The time has surely come to formalise general conflict of interest rules for all MPs, and for the Cabinet Manual to address the specific issues raised by the Faafoi case.

However, the lack of clear rules cannot be used as an excuse for Kuriger’s conduct. From the few details revealed, she has acted in a manner that, for whatever reason, was unwise and unprofessional and compromised the integrity of her role as an MP. In the circumstances, by continuing to pursue matters related to the earlier prosecution of her son by the Ministry of Primary Industries, she overstepped the mark, bringing not only her judgment into question, but also making her position as a senior Opposition spokesperson untenable.

That makes it unlikely she will ever serve as a minister, which in turn raises the question of whether she will continue as an MP. What makes all this so remarkable is that up till this point Kuriger had been viewed as a competent person of sound judgment who would perform well in a ministerial role.

The fact Kuriger stood down so quickly once the circumstances of her case became known cannot be an excuse for leaving things as they are. From the moment the Ministry of Primary Industries began pursuing prosecutions against her husband and son in 2017, Kuriger should have immediately stood aside, for the period the prosecutions were live, from any situations with the potential to create a conflict of interest or compromise her position as an MP. That she did not was a poor reflection on her judgment and that of National's leadership at the time.

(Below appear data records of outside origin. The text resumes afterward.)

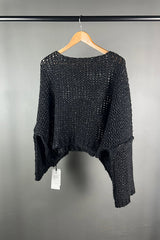 La Vaca Loca Duerme Black Knit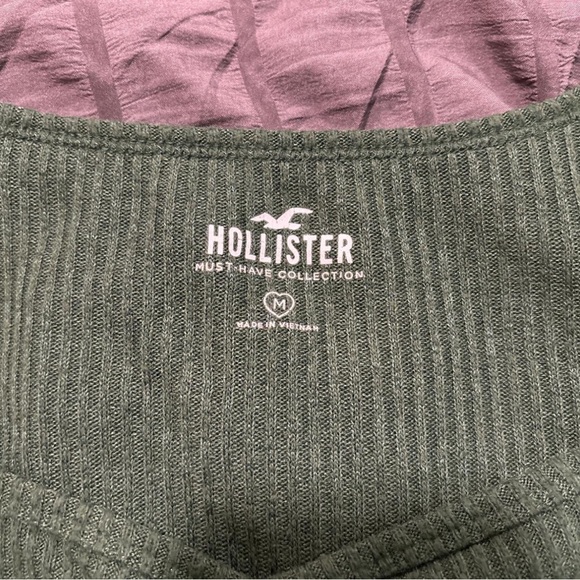 Hollister Olive Ribbed Knit Top - Picture 2 of 2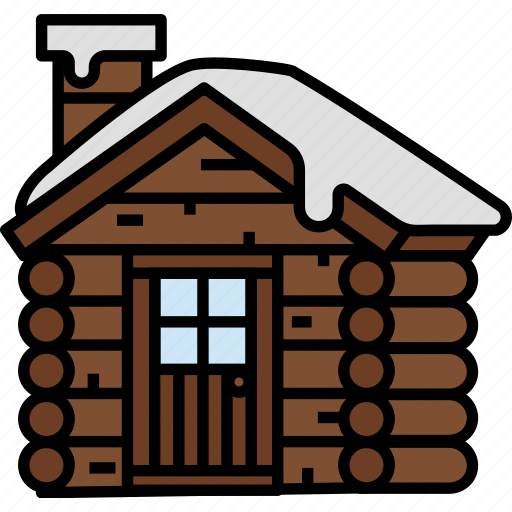 Log, cabin, house, wooden, buildings, winter, vacation icon - Download on Iconfinder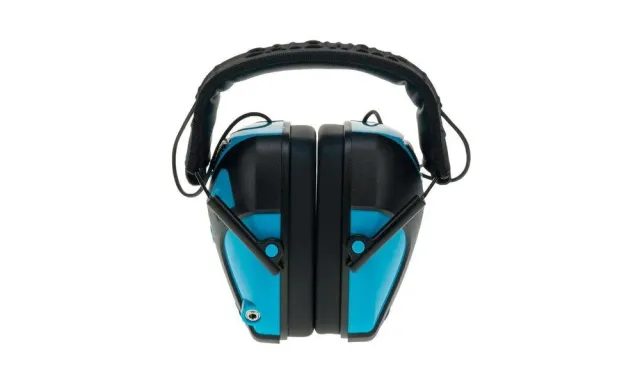 Caldwell 1103307 E-Max Pro Youth Hearing Protection, 23dB NRR, Neon Blue - View 2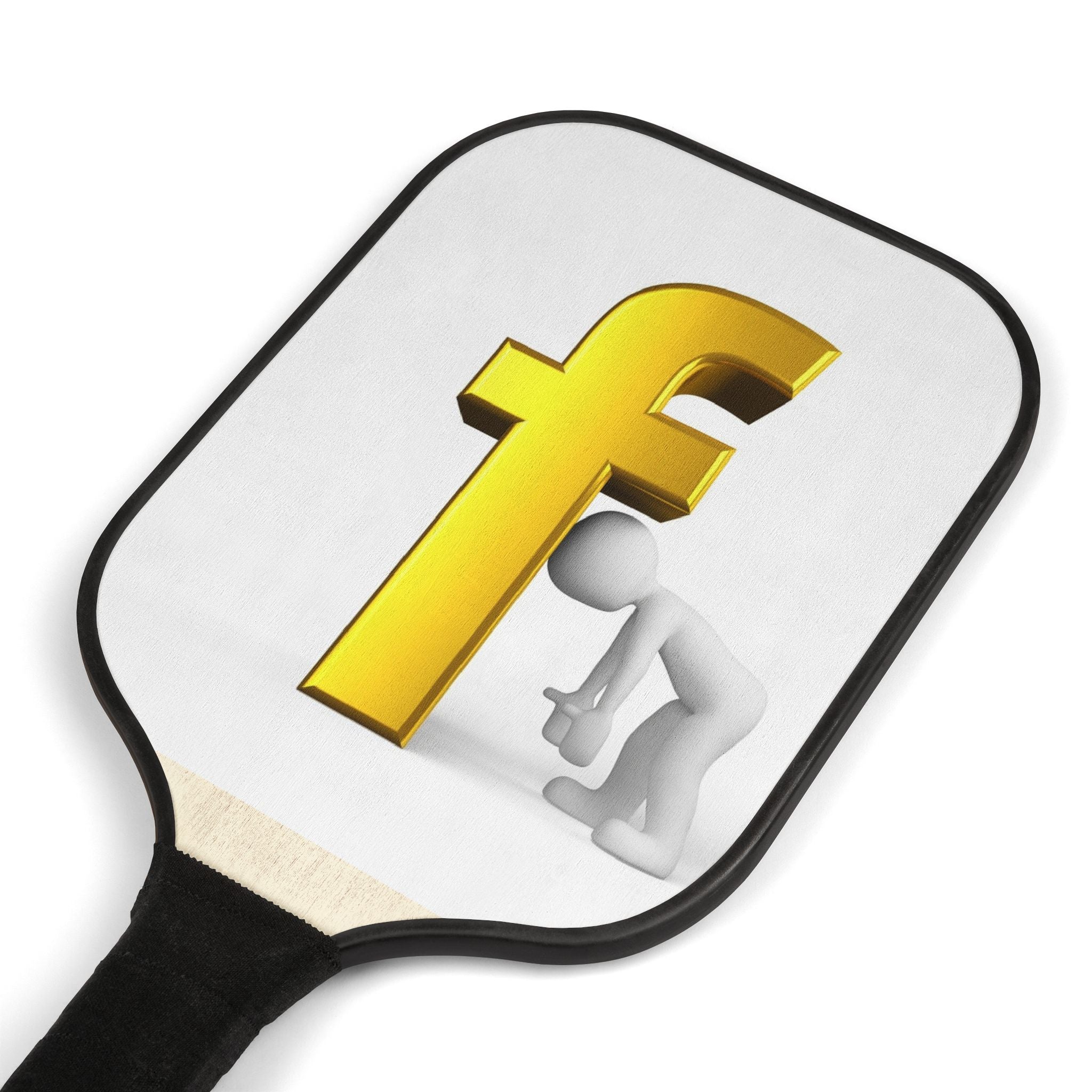 Gold Letter F Graphic Pickleball Paddle Set | Pickleball Kit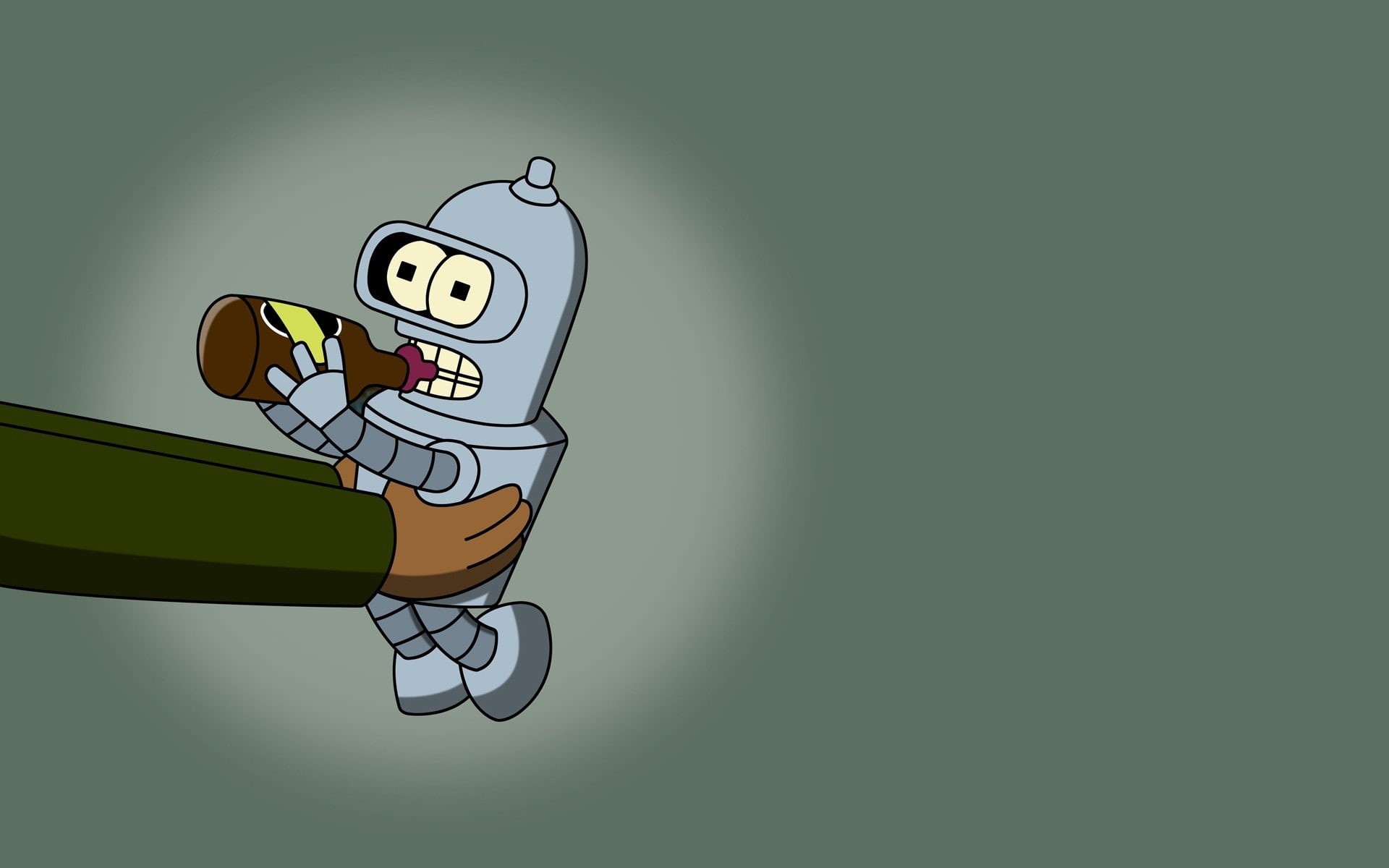cartoon/comic, character, bender, 1080P, baby, robot, futurama, hd, HD Wallpaper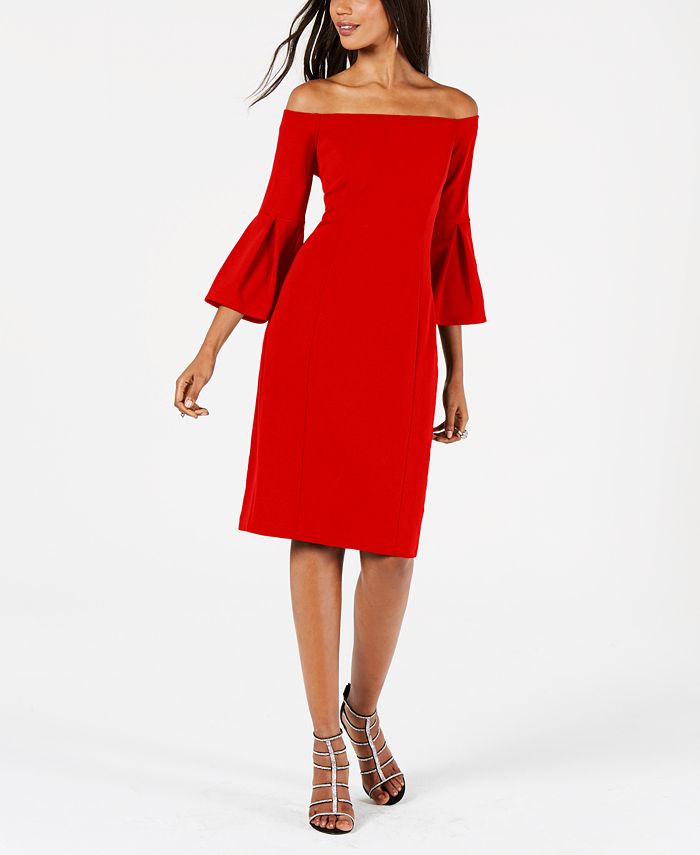 Vince camuto off the hotsell shoulder bell sleeve dress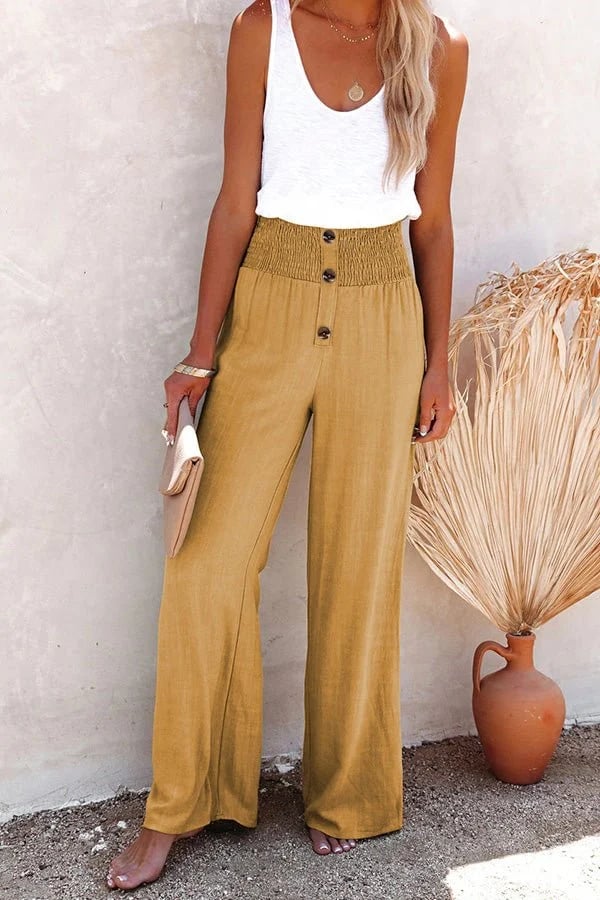 Riana - Pantalon Taille Haute Détendu Henri Lyon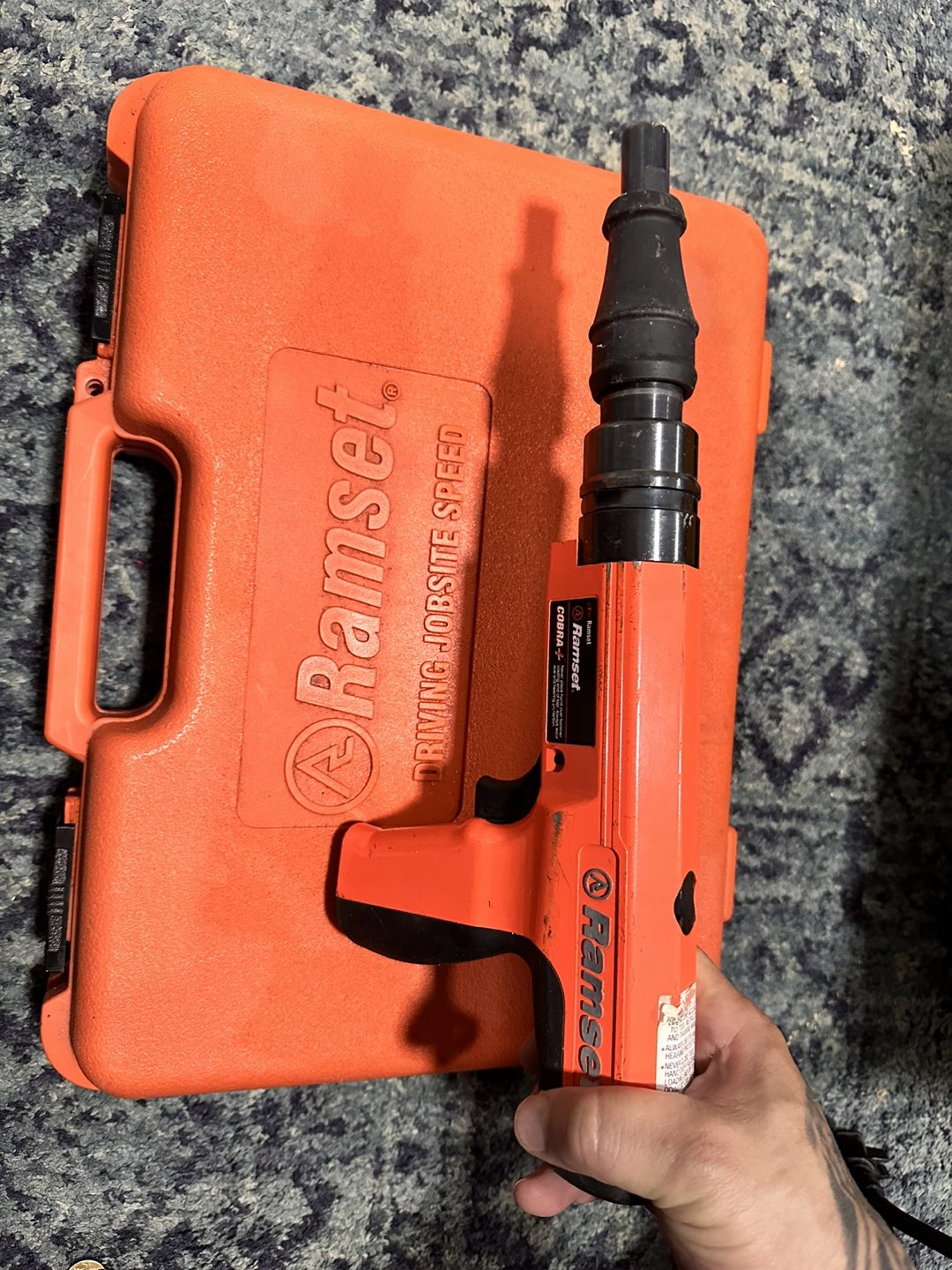Ramset Driving Jobsite Speed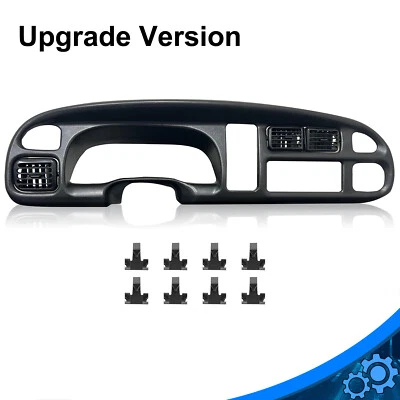 $41.50 • Buy Dash Board Bezel Cover Instrument W/Vents Fit For 98-02 Dodge Ram 1500 2500 3500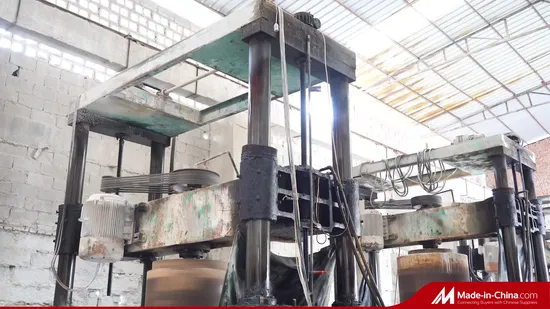 Four-Cylinder Gantry Stone Cutting Machine for Column Slab for Processing Hollow Column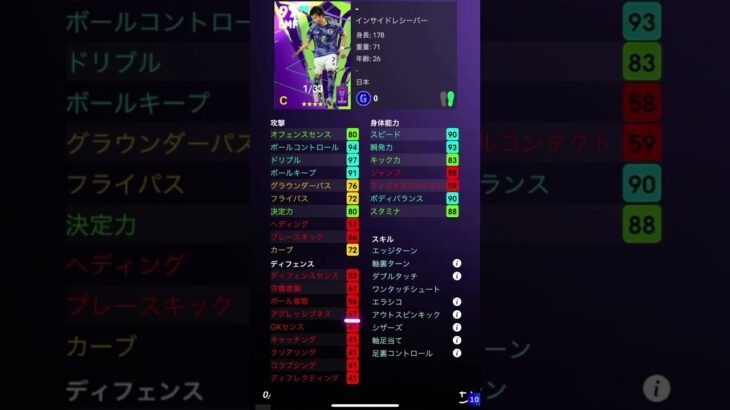 アジアカップのガチャできた三笘選手の能力がヤバすぎた！【eFootball2024アプリ】【イーフト】#eFootball#イーフットボール2024 #eFootball2024#ウイイレアプリ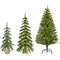 Fraser Hill Farm - Set of 3 Downswept Farmhouse Fir Trees with Warm White LED Lights (3-Ft., 4-Ft., & 5-Ft.)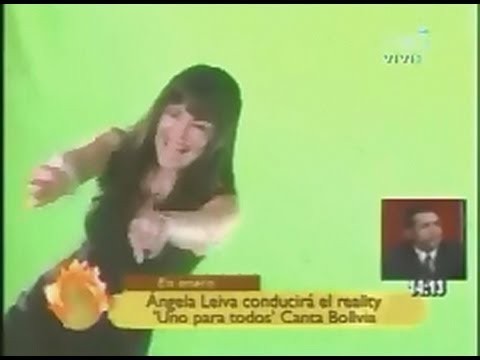 ANGELA LEIVA - ADELANTO DEL REALITY SHOW QUE CONDUCIRÃ EN BOLIVIA
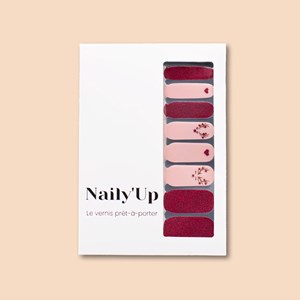 Vernis autocollant éclat de renne - manucure facile longue tenue Renne pailleté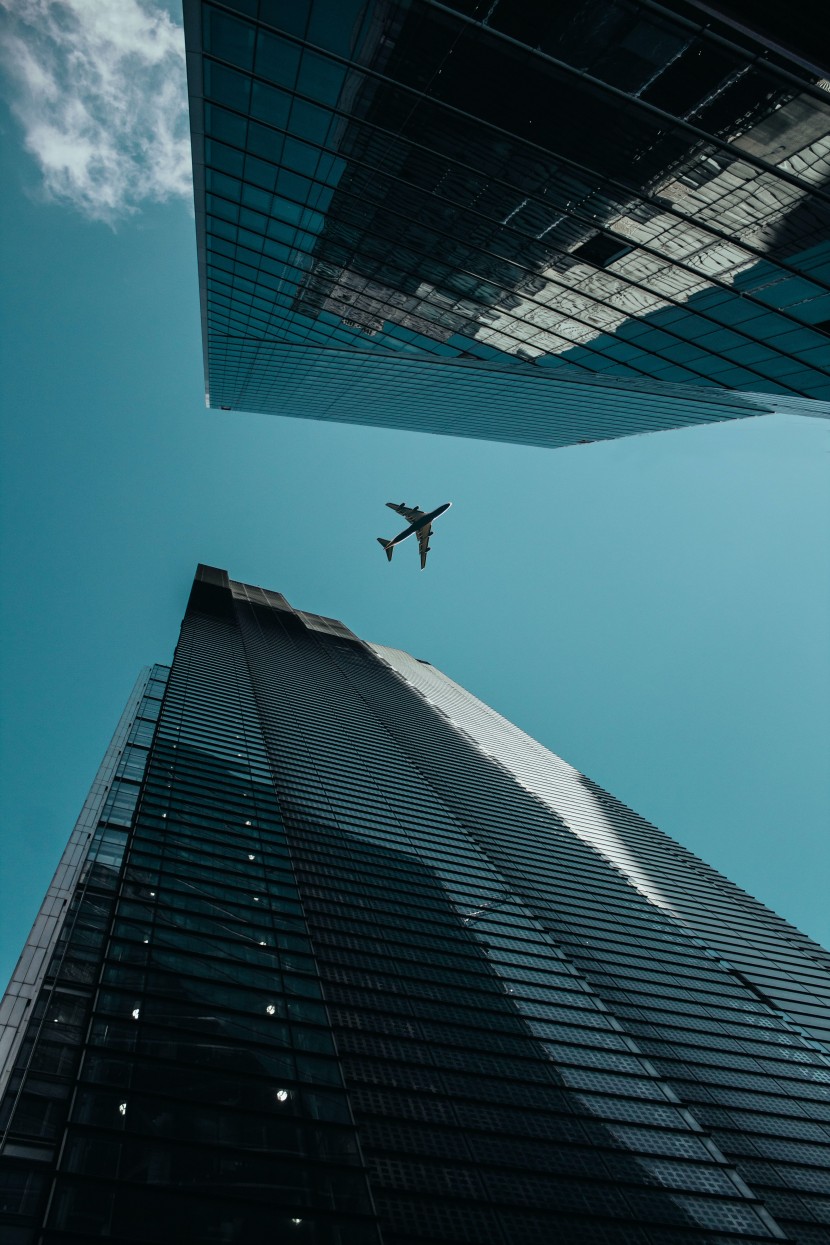 高空飛機圖片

The telling point is that it is far from clear the actions that caused Kuriger’s conflict of interest would have ever been identified, were it not for the whistleblower within the Ministry of Primary Industries contacting her party leader’s office. That is simply not acceptable.

Where the Faafoi case has raised questions about the adequacy of the existing Cabinet Manual rules regarding conflicts of interest for ministers and former ministers, the Kuriger case has highlighted the complete absence of any such rules for backbench MPs. With an election looming and a likely significant intake of new MPs next year, from a variety of backgrounds, there is now an urgent need for the Cabinet Office, the Speaker and the Standing Orders Committee to prioritise over the next few months updating the rules and practices regarding managing conflicts of interests for ministers and MPs.